Description
This Bacon, Egg, and Cheese Croissant Bake is a savory breakfast casserole featuring crispy baked bacon, fluffy eggs, and gooey cheddar cheese layered over toasted croissant pieces. It’s perfect for a hearty brunch or make-ahead breakfast, combining rich flavors with a tender, custardy texture baked to golden perfection.
Ingredients
Scale
Meat
- 1 package (10 ounces) bacon
Bakery
- 6 to 7 large croissants (already baked croissants, not dough)
Dairy & Eggs
- 8 large eggs
- 2 cups milk
- 1 cup shredded white cheddar cheese (divided)

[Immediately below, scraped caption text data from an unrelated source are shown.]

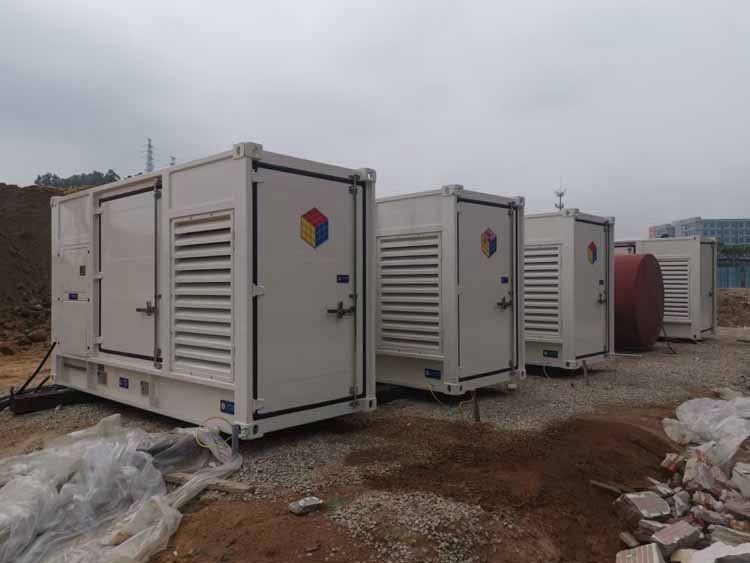 东坡如何降低 200KW 柴油发电机的燃油消耗率？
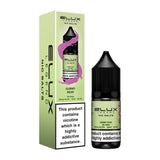 Gummy Bear E-Liquid Nicotine Salt By Elux Legend 10ml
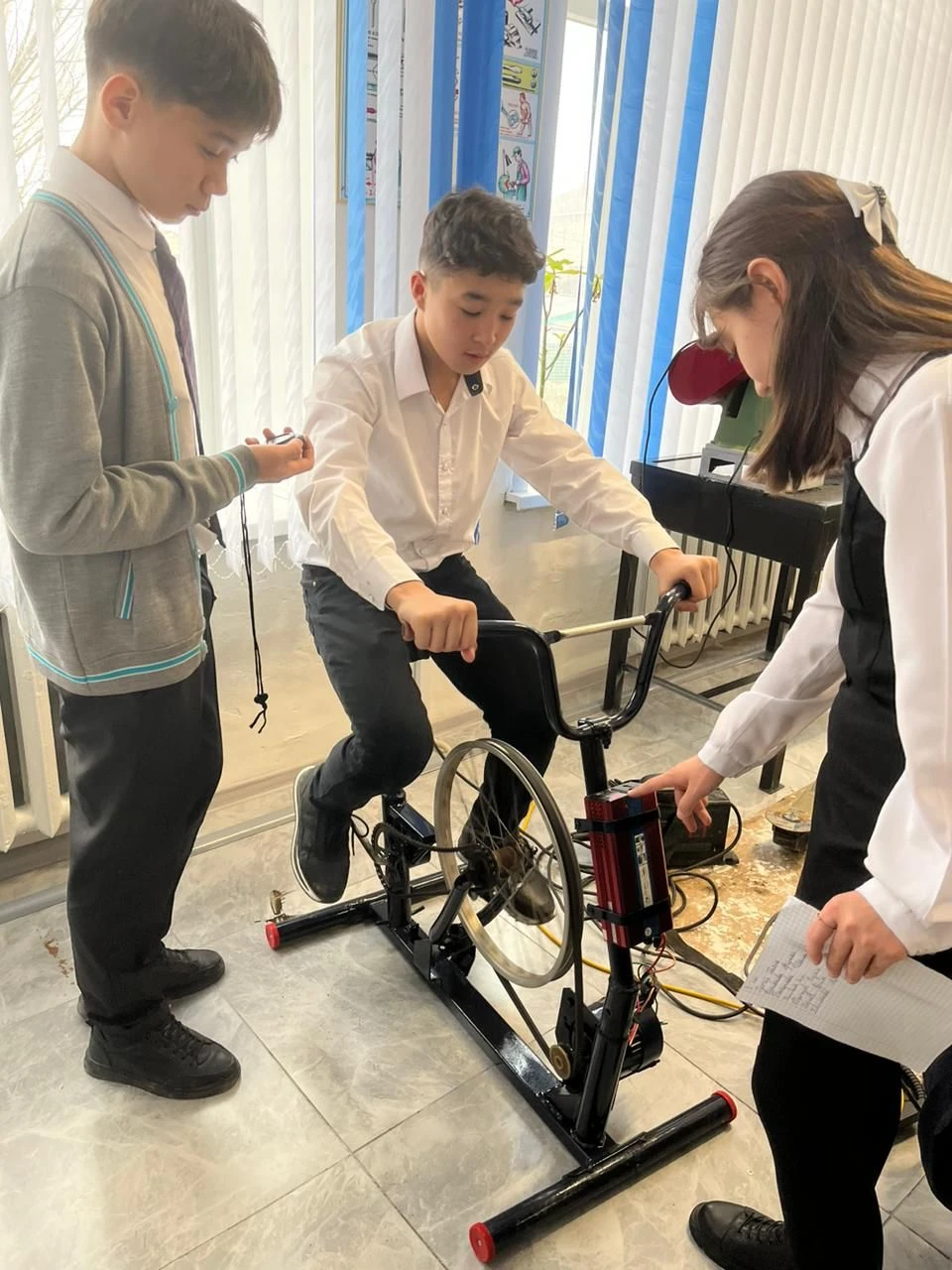 «اقىلدى» ۆەلوسيپەد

- 1 cup shredded mild cheddar cheese (divided)
Spices & Seasonings
- 1 teaspoon garlic powder
- 1 teaspoon onion powder
- 1 teaspoon ground black pepper
- 1/2 teaspoon salt
Herbs
- 3 tablespoons chopped chives
Instructions
- Cook the bacon: Preheat the oven to 400 degrees F. Line a large sheet pan with foil and arrange bacon strips in a single layer. Bake for 12 to 14 minutes until crisp. Transfer cooked bacon to a paper towel-lined plate to drain excess grease, then chop into pieces and set aside.

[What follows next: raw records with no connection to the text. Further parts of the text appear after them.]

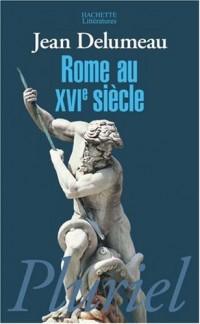 Rome au XVIe siècle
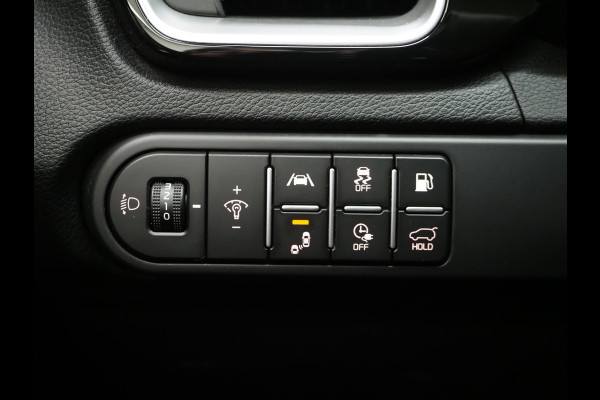 Kia Ceed Sportswagon 1.6 GDI PHEV ExecutiveLine | Panoramadak | Camera | Leder | Adaptive Cruise | Keyless | Memory | Carplay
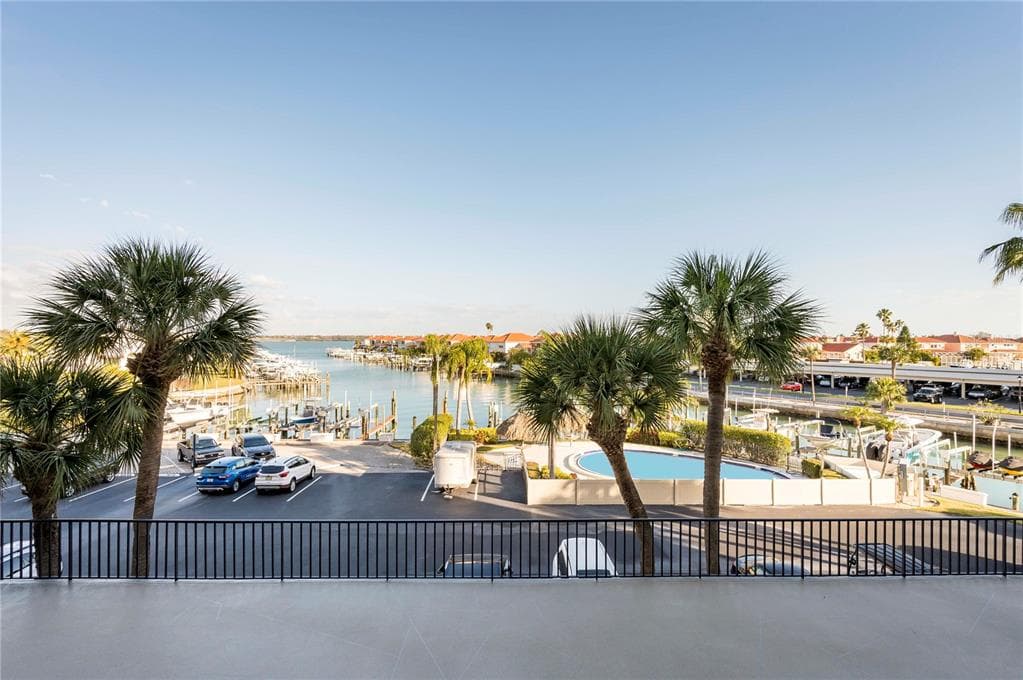 1591 GULF BOULEVARD # 203S, CLEARWATER BEACH, FL 33767 — zdjęcie 5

- Prepare the croissants: Lower the oven temperature to 350 degrees F. Grease a 9×13-inch baking dish with nonstick spray. Tear each croissant into small bite-sized pieces and spread evenly in the prepared pan. Toast the croissant pieces in the oven for 10 minutes to slightly crisp and dry them out.
- Mix the custard: In a large bowl, whisk together the eggs, milk, garlic powder, onion powder, salt, pepper, and half of the shredded white and mild cheddar cheeses (1/2 cup each) until fully combined and smooth.

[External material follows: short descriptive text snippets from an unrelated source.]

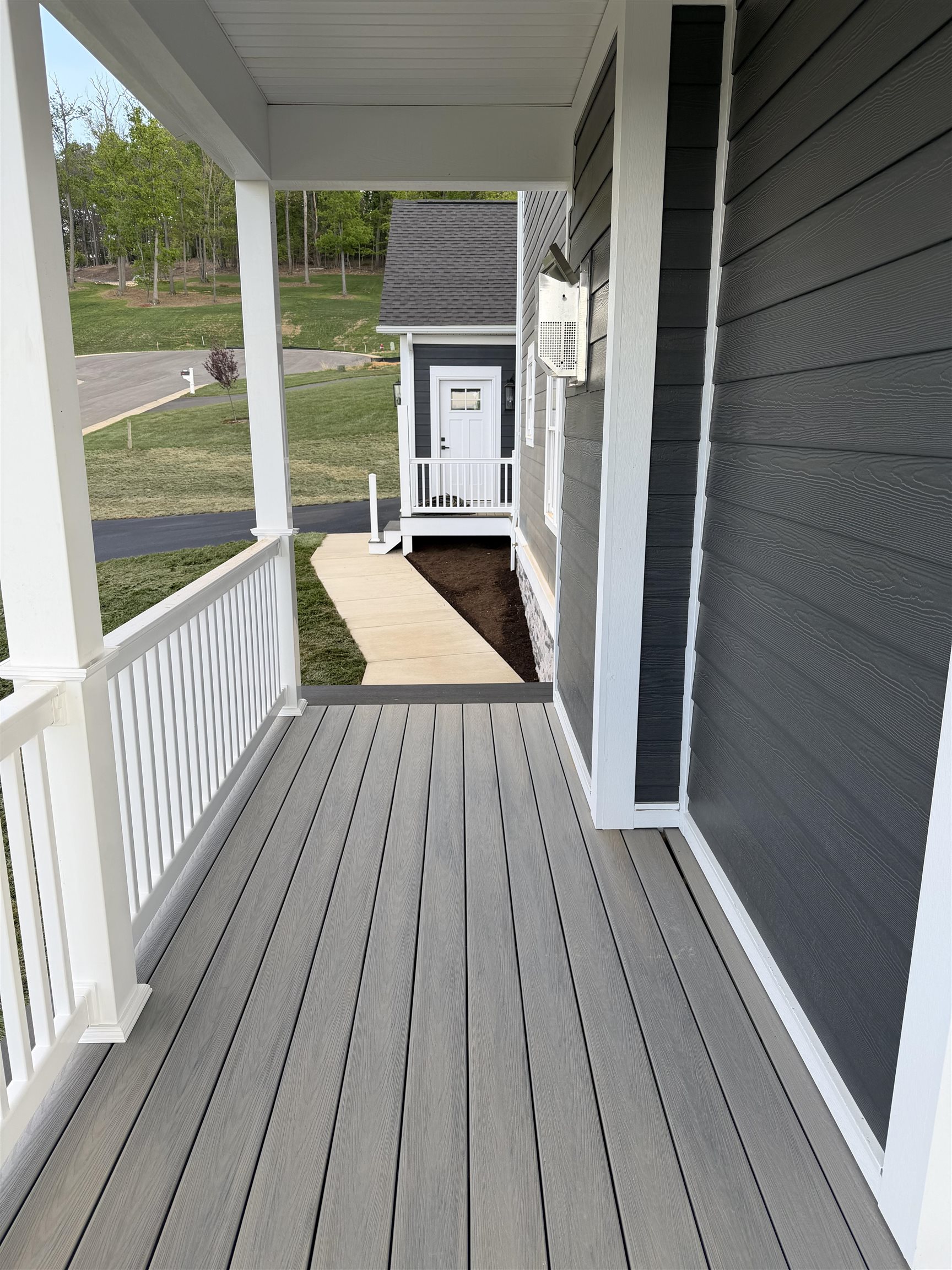 9 BIRCH COVE, FISHERSVILLE, Virginia 22939, 4 Bedrooms Bedrooms, ,3 BathroomsBathrooms,Residential,9 BIRCH COVE,676333 MLS # 676333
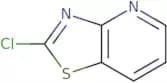 2-Chlorothiazolo[4,5-b]pyridine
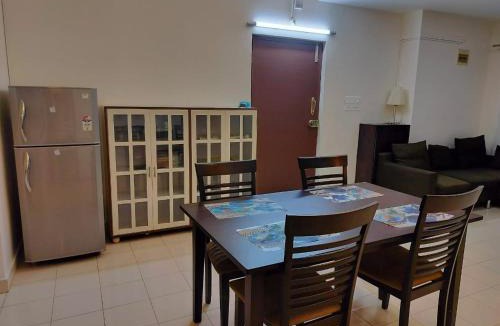 Chikkamagaluru Apartment | Travelers Home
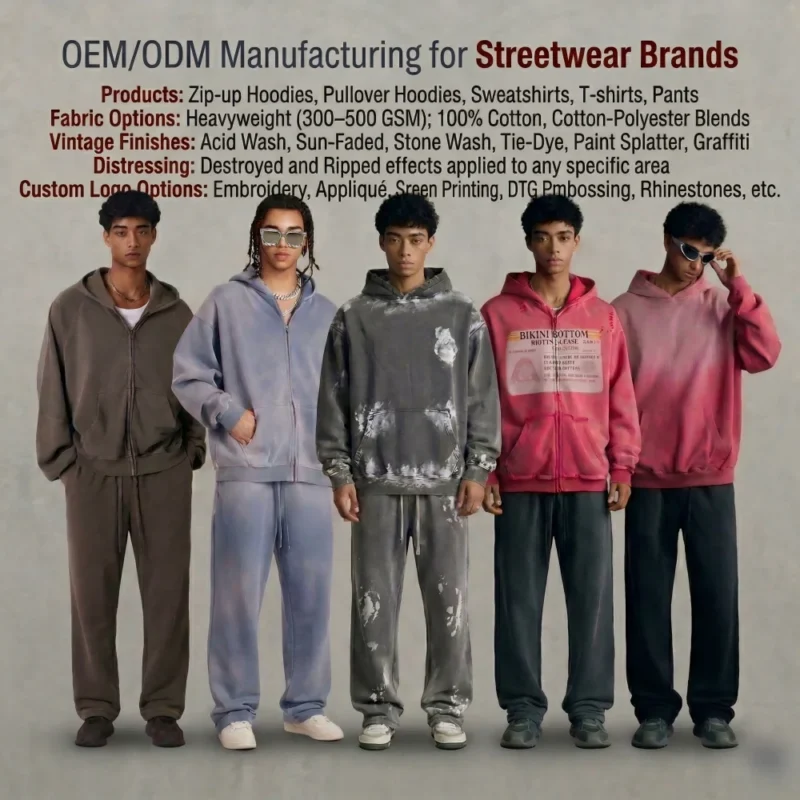 He1612ab423b34836bb0ed14e6531619el.webp Boxy Hoodie with Satin Lining Applique Embroidery Sun Faded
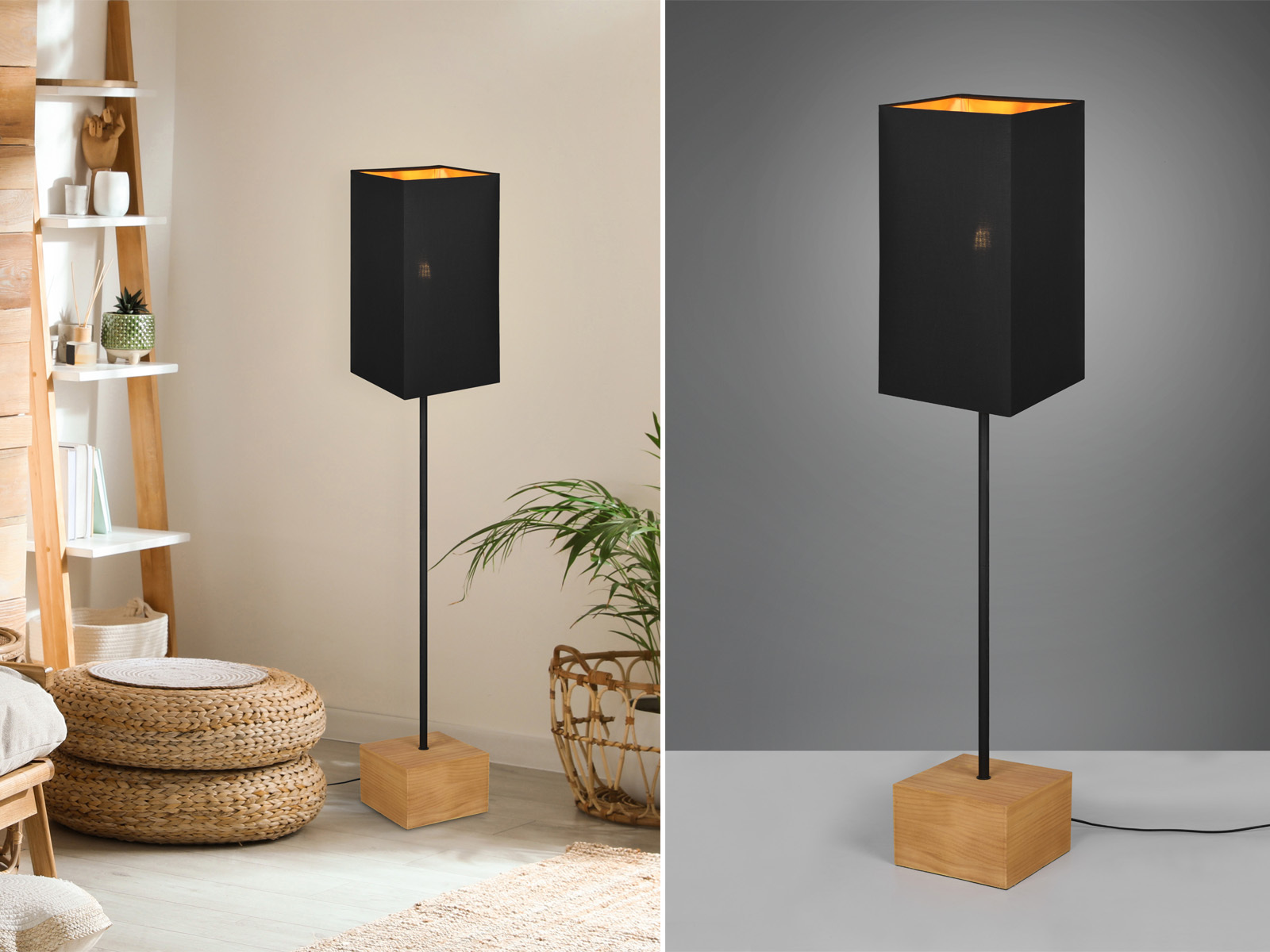 Moderne Lampen Fur Die Fensterbank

- Assemble the bake: Pour the egg and cheese mixture evenly over the toasted croissant pieces in the baking dish. Sprinkle the chopped bacon and the remaining shredded cheeses over the top.
- Bake or refrigerate: Optionally cover and refrigerate overnight for a make-ahead breakfast. When ready to bake, preheat oven to 350 degrees F. Bake the casserole uncovered for 45 minutes or until the eggs are set and the top is golden and bubbly.
- Serve: Remove from oven and garnish with chopped chives. Serve warm and enjoy this rich, comforting croissant breakfast bake.
Notes
- This recipe uses already baked croissants, not dough, for the best texture.
- You can prepare the casserole the night before and bake it fresh in the morning for convenience.
- Feel free to substitute cheddar cheeses with your preferred melting cheese.
- Ensure bacon is fully drained of grease to avoid soggy bake.
- Toast croissant pieces well to prevent them from becoming mushy when soaked with the egg mixture.